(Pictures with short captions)
# # # # # # #
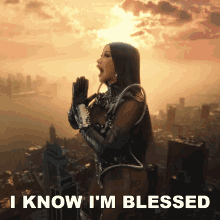 I Know Im Blessed Cardi B GIF - I Know Im Blessed Cardi B Hot Shit Song GIFs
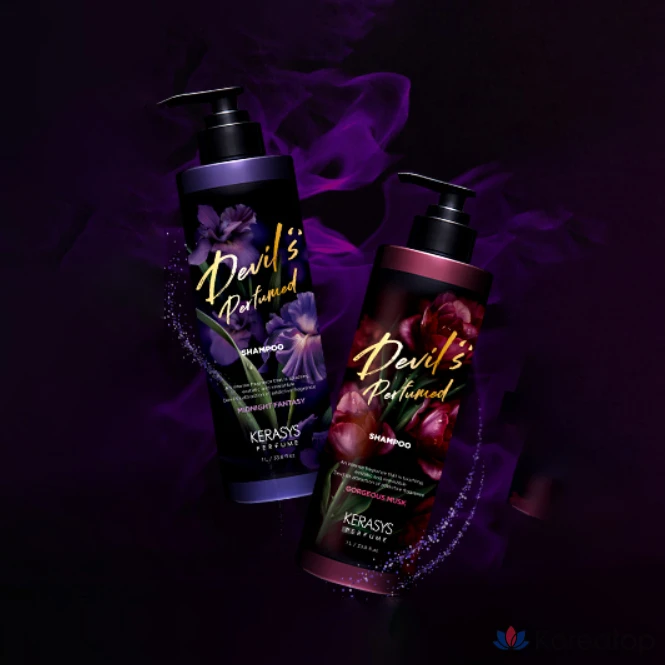 Набор для ухода KeraSys Devils Perfume Midnight Fantasy Hair Care 2-piece Set, 1 шт.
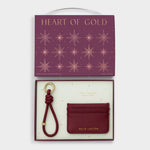 Gift Boxed Keyring & Cardholder | Cherry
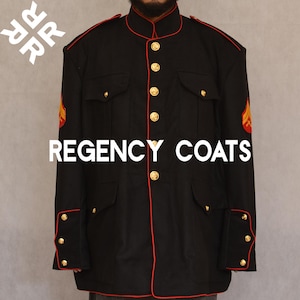 Handmade Men's British Military uniform Tunic, USMC Sergeant Uniform Jacket, British Uniform Jacket, Black wool Tunic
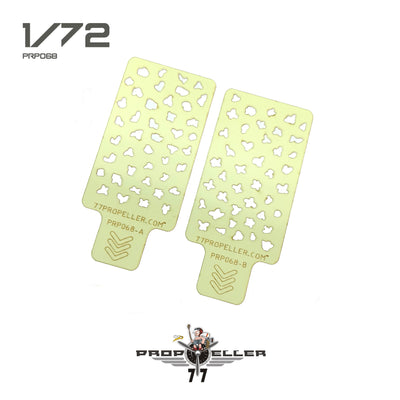77 Propeller 1/72 Italian Camouflage Template Variant A 2 Pieces PRP068 template A and B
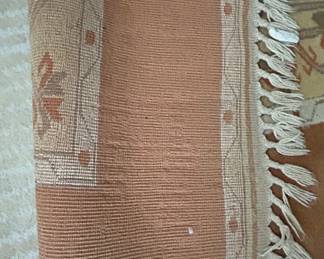 Handmade Vintage Oushak Rug second image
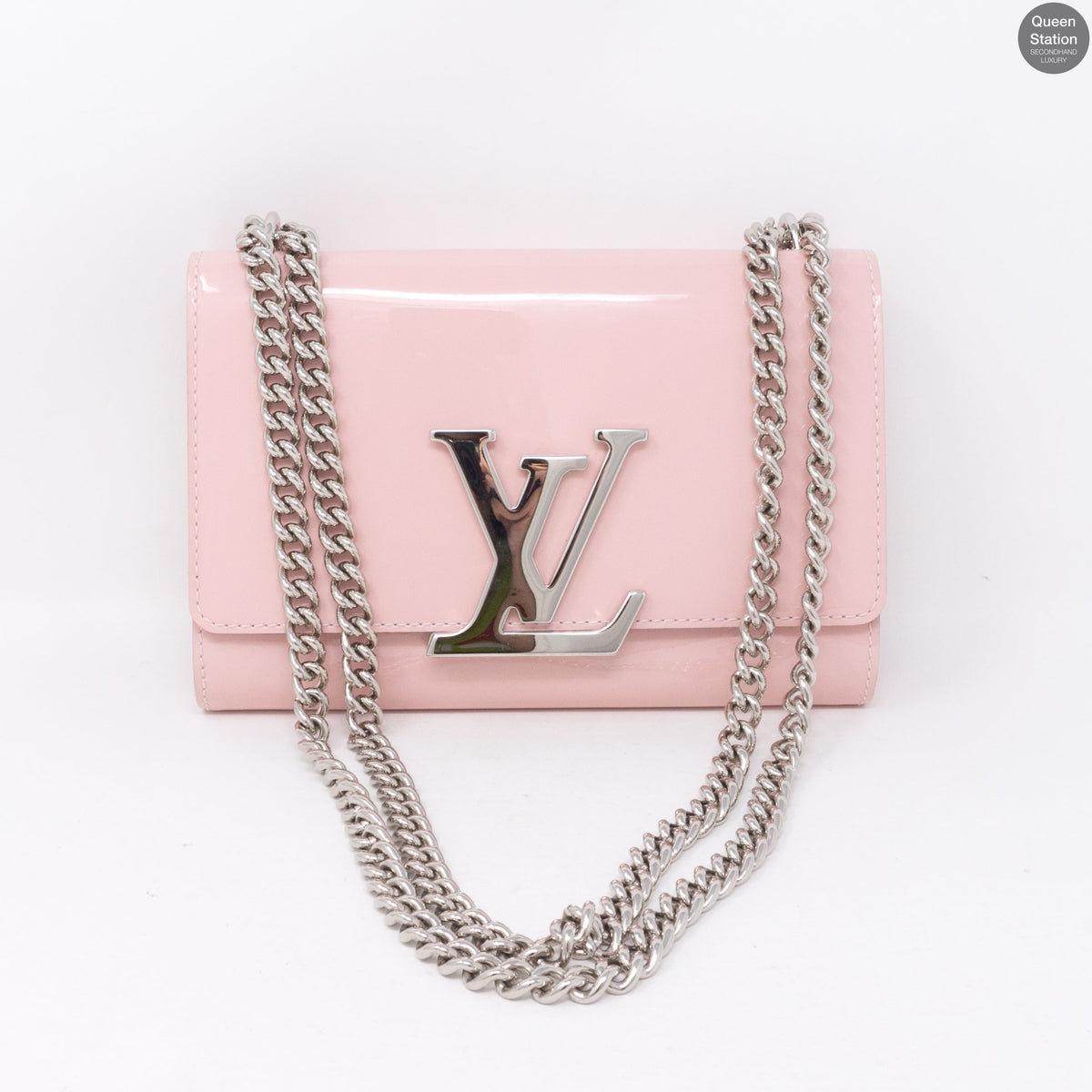 Louis-vuitton Chain Louise MM Pink Vernis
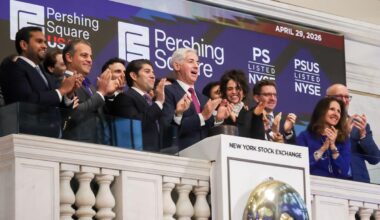 Pershing Square Shares Rebound After Ackman Bought Stock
# # # # # # #
Repeat the records above exactly, leaving out any pictures they contain.

> _SOLUTION TO THE EXERCISE_
 I Know Im Blessed Cardi B GIF - I Know Im Blessed Cardi B Hot Shit Song GIFs
 Набор для ухода KeraSys Devils Perfume Midnight Fantasy Hair Care 2-piece Set, 1 шт.
 Gift Boxed Keyring & Cardholder | Cherry
 Handmade Men's British Military uniform Tunic, USMC Sergeant Uniform Jacket, British Uniform Jacket, Black wool Tunic
77 Propeller 1/72 Italian Camouflage Template Variant A 2 Pieces PRP068 template A and B
 Handmade Vintage Oushak Rug second image
 Louis-vuitton Chain Louise MM Pink Vernis
 Pershing Square Shares Rebound After Ackman Bought Stock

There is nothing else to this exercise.